Helping students develop the language of mathematics begins by helping them develop their conceptual understanding using the four language acquisition skills: Reading, Writing, Speaking, and Listening.
As can be seen from the diagram in Figure 1, reading and listening are inputs the brain uses to receive information. Writing and speaking are outputs the brain uses to communicate information about the inputs it receives. In-between the inputs and the outputs, the brain processes information (thinking) by organizing the information it sees and hears. Beginning ELL students can particularly be seen undergoing this organization process. As they work to acquire the English language, they often translate English into their native language before attempting to speak or write in English. Although the majority of math students are not English language learners; they are, in a sense, math language learners, and have some of the same struggles translating the unfamiliar language of math into a language they understand. Similar to English language development, students that are able to quickly process and organize the math inputs they receive are considered to be more fluent in language of mathematics.
Therefore, as teachers formatively assess students’ progress toward fluency in the language of mathematics it is important to ensure that their learning experiences give teachers access to the “thinking processes” and “language organization activities” that led to the speaking and writing activities that are evaluated in class – not just the right or wrong answer.

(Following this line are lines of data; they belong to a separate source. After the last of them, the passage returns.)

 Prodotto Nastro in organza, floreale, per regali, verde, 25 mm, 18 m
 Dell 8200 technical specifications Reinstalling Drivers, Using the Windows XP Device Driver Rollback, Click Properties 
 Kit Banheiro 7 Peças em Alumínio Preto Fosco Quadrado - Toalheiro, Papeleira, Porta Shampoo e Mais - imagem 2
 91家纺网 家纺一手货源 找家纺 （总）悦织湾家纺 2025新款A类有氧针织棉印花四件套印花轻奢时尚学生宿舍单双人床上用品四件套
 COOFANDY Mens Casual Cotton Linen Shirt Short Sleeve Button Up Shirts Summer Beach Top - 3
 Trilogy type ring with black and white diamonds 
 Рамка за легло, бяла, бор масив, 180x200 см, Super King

In the most fundamental sense, our ability to become fluent in the language of mathematics is directly related to our ability to use our reading, writing, listening, and speaking skills to communicate our mathematical understandings. The Common Core states, “As students advance through the grades and master the standards in reading, writing, speaking, listening, they are able to exhibit with increasing fullness and regularity the following capacities of the literate individual:
- They demonstrate independence.
- They build strong content knowledge.
- They respond to the varying demands of audience, task, purpose, and discipline.
- They comprehend as well as critique.
- They value evidence.
- They use technology and digital media strategically and capably.
- They come to understand other perspectives and cultures.
The above description of a literate student effectively helps us visualize what literacy can look like in a math class. However, this standard is not an excerpt from the Common Core math standards. It is actually an excerpt from the Common Core English Language Arts standards. The message here is that literacy in all content areas should look very similar. Regardless of content, literate students are able to use their reading, writing, speaking, and listening skills to access information, process that information, and communicate their ideas to others. In order to help students become fluent in the language of any content area, including mathematics, teachers should provide meaningful opportunities for students to read, write, listen and speak about their learning experiences.